Анастасия Старостина
Я всегда очень гордилась тем, что меня любят дети: от самых маленьких до самых больших, от тех, чей образ мышления для меня уже непредставим, до тех, чей уровень я еще не совсем превзошла. Не сам факт их любви меня так трогает (в конце концов, своих родителей они любят гораздо сильнее), а то, как они проявляют свою любовь — на равных, делая мне честь этой демократией, отменяющей возрасты. С тех пор как я себя помню, я ненавидела возрастную сегрегацию, ее незыблемые категории, из которых сделали загоны, вызвав этим только упрямство, только желание так или иначе из них улизнуть.

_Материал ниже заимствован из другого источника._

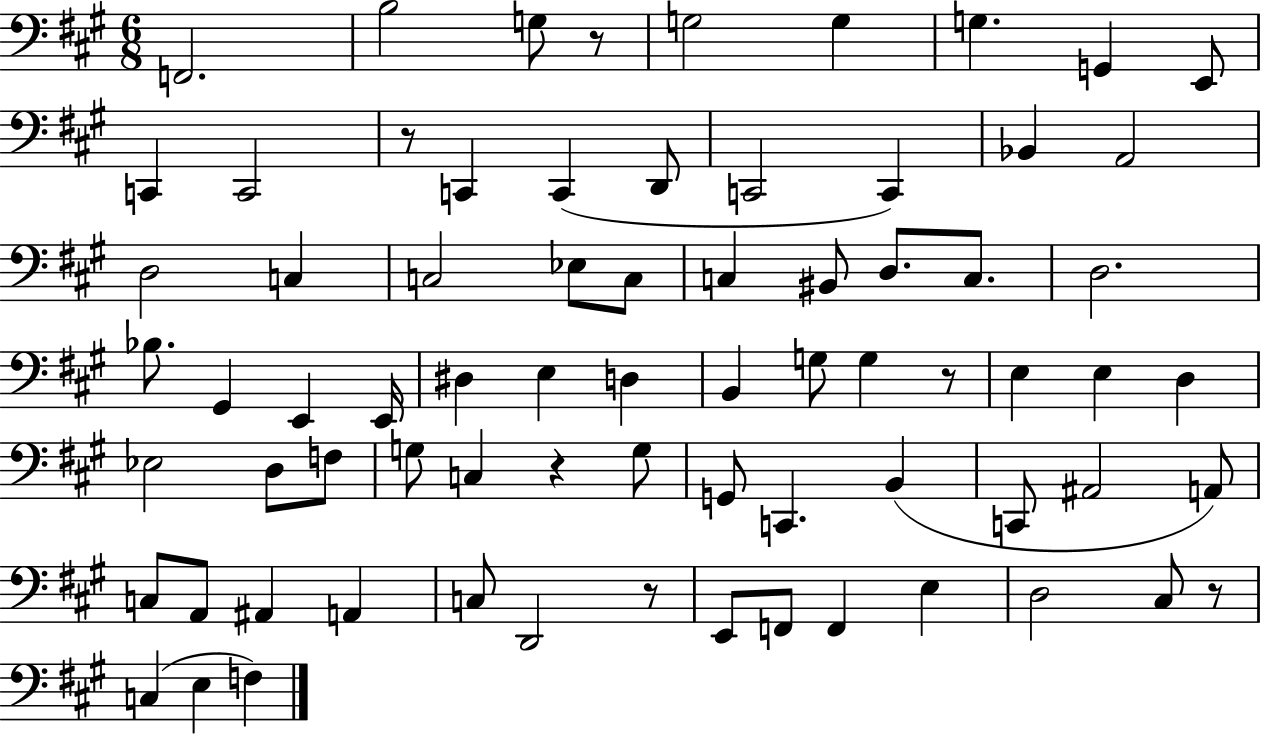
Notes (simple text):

F2/h. B3/h G3/e R/e G3/h G3/q G3/q. G2/q E2/e C2/q C2/h R/e C2/q C2/q D2/e C2/h C2/q Bb2/q A2/h D3/h C3/q C3/h Eb3/e C3/e C3/q BIS2/e D3/e. C3/e. D3/h. Bb3/e. G#2/q E2/q E2/s D#3/q E3/q D3/q B2/q G3/e G3/q R/e E3/q E3/q D3/q Eb3/h D3/e F3/e G3/e C3/q R/q G3/e G2/e C2/q. B2/q C2/e A#2/h A2/e C3/e A2/e A#2/q A2/q C3/e D2/h R/e E2/e F2/e F2/q E3/q D3/h C#3/e R/e C3/q E3/q F3/q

Меня, например, ни в какой момент не устраивала возрастная категория, к какой я причислялась. Ребенком я тянулась к подросткам, завидовала им, и меня ранило их безразличие; подростком считала себя взрослой, да и была взрослой во многих отношениях; став взрослой, почувствовала себя подростком и, может быть, только тогда и научилась им быть по-настоящему. Это «обучение возрасту» — моя любимая мысль, она возникла из самонаблюдения, но постоянно подтверждается и чужим опытом. Каждый возраст, по-моему, есть не столько биологическая фаза, сколько духовная формула, предполагающая определенное сознание и философию; но если биологическая фаза достигается сама по себе, просто в ходе времени, более или менее быстром, то духовное ее осуществление требует некоторого интеллектуального усилия, некоторого освоения ее понятий, ее семантики, потому-то и возникают так фатально любопытные смещения фаз, позволяющие чувствовать себя подростком, когда ты давно уже взрослый, или, наоборот, старым, когда до старости далеко. Так или иначе, мои удачные попытки увертываться от своих возрастов и возвращаться потом в те, в какие мне нравится, привели меня к заключению, что возрасты отнюдь не разделены твердыми границами, что они плавают, как некие ядра, в плазме, повинуясь ее магическим законам, — в плазме, которая называется жизнь. Останавливать их движение, ограничивать их в пространстве,  сгонять в застывшие созвездия мне кажется затеей не просто глупой, но и гибельной. Поэтому то, как обращаются со мной дети, их бесцеремонная, без налета почтения симпатия, переложенная на проказы, всегда льстит мне, как похвала, как знак, что я еще не начала умирать и, более того, еще не кончила рождаться.